Data to examine >>

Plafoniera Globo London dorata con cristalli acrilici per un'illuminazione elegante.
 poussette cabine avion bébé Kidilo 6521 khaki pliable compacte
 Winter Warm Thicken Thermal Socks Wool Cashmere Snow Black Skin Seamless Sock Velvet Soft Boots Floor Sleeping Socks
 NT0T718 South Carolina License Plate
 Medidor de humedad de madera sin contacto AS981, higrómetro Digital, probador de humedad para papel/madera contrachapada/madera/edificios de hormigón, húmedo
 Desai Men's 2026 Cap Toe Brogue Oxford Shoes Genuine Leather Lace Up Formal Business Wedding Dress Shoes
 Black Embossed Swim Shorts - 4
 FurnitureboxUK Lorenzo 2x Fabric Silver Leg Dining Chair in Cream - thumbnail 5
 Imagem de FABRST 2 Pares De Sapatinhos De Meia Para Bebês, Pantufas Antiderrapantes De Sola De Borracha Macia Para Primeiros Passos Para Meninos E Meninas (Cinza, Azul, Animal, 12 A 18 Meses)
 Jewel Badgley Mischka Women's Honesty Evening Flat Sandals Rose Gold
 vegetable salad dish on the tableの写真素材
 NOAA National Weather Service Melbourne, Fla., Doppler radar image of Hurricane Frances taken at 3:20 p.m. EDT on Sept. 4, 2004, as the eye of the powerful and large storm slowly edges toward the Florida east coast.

Description of the task >> Among the records above, extract exactly the lines from the line with "poussette cabine avion" to the line with "NT0T718 South Carolina License Plate", both lines included, and leave out the rest.

Solved problem >>
 poussette cabine avion bébé Kidilo 6521 khaki pliable compacte
 Winter Warm Thicken Thermal Socks Wool Cashmere Snow Black Skin Seamless Sock Velvet Soft Boots Floor Sleeping Socks
 NT0T718 South Carolina License Plate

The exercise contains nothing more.